Le positif l’emporte
Selon Catherine et Pierre, il est important d’aider les nouvelles personnes arrivantes à gérer un système de soins de santé axé sur le profit. « Nous en connaissons aujourd’hui un rayon sur les prothèses », indique Pierre. « C’était pour nous un nouveau défi. Ali souffrait beaucoup quand nous l’avons rencontré pour la première fois. Nous l’avons emmené voir des médecins, des physiothérapeutes et des fabricants de prothèses, nous avons traduit pour lui et nous l’avons aidé à se créer un bon réseau. Nous lui avons aussi expliqué comment notre société est organisée, pourquoi nous payons des impôts, comment les caisses-maladie fonctionnent, que nous avons des droits, mais aussi des devoirs. »
La cohabitation requiert de l’ouverture, de la fiabilité, du temps et du respect d’un côté comme de l’autre. Pour ces deux personnes au grand cœur, des rencontres d’échange hebdomadaires et une bonne relation avec le service social pour l’asile jouent un rôle important dans la cohabitation. De leur propre aveu, « il y a bien entendu aussi des revers. C’est douloureux d’apprendre qu’un apprentissage est interrompu du jour au lendemain ou de voir à quel point les difficultés dans leur pays d’origine accablent nos colocataires. » Mais pour Catherine et Pierre, le positif l’emporte incontestablement : « Les discussions passionnantes, les nouvelles rencontres avec l’entourage de nos colocataires, leurs succès en allemand, à l’école, dans leur apprentissage ou au travail... L’échange avec les autres bénévoles et la gratitude des parents de nos colocataires nous procurent aussi beaucoup de plaisir. Nous voyons presque chaque jour ce qui est possible quand nous ouvrons nos cœurs et nos maisons et gardons confiance en dépit des difficultés. »
Une petite racine Ă Berne
Ali montre un carnet bleu intitulé « confiant ». Catherine, Pierre et lui y inscrivent leurs idées, les contacts importants, les rendez-vous et les notes après les séances ou les entretiens d’embauche. « Je peux tout demander à Catherine et Pierre », affirme l’homme de 30 ans avec satisfaction. « C’est vrai », ajoute Catherine. « Notre colocation offre aussi un espace sûr et protégé pour les questions personnelles sur l’amitié et l’amour. »

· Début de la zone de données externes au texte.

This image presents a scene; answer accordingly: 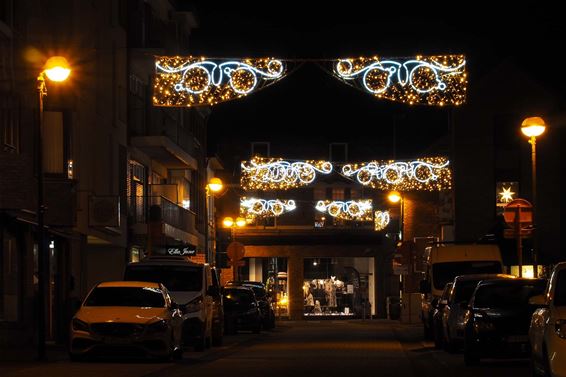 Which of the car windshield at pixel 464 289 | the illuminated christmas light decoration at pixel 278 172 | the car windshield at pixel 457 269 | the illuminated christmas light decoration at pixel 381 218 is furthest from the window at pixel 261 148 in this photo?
the car windshield at pixel 464 289

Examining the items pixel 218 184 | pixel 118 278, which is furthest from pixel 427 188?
pixel 118 278

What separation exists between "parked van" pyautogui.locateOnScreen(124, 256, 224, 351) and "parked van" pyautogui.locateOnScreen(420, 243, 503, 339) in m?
7.84

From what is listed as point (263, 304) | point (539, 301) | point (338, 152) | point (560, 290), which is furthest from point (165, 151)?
point (338, 152)

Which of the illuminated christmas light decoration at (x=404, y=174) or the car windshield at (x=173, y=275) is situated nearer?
the car windshield at (x=173, y=275)

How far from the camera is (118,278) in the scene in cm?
4731

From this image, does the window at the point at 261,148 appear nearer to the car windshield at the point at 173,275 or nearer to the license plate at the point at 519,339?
the car windshield at the point at 173,275

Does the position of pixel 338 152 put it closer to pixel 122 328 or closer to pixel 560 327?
pixel 122 328

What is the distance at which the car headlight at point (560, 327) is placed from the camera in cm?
1607

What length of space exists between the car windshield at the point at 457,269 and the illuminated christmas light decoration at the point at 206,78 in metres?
9.92

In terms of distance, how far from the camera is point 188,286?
3158 centimetres

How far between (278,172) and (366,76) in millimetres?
17962

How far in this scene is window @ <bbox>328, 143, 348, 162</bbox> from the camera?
92062 millimetres

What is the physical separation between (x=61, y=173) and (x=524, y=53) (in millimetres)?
32931

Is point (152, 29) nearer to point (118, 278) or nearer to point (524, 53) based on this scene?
point (118, 278) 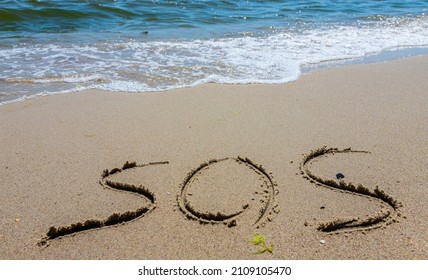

La procédure d’intégration linguistique, sociale et professionnelle va plus vite avec le soutien d’ami-e-s suisses, car il y a moins de détours inutiles. Mais les succès aussi sont essentiels. Et Ali en a précisément connu un lors de l’entretien d’embauche pour son stage au sein d’un cabinet d’architectes. « Je pouvais comprendre tout ce qu’on me disait. On me parlait lentement et clairement. Je me sentais vraiment respecté. »
Quelques jours plus tôt, Ali avait demandé à ses hôtes autour d’une tasse de thé : « Où puis-je planter mes racines ? Où puis-je être un être humain ? » Cette colocation ici en Suisse, au cœur de la société, pourrait bien être un début de réponse.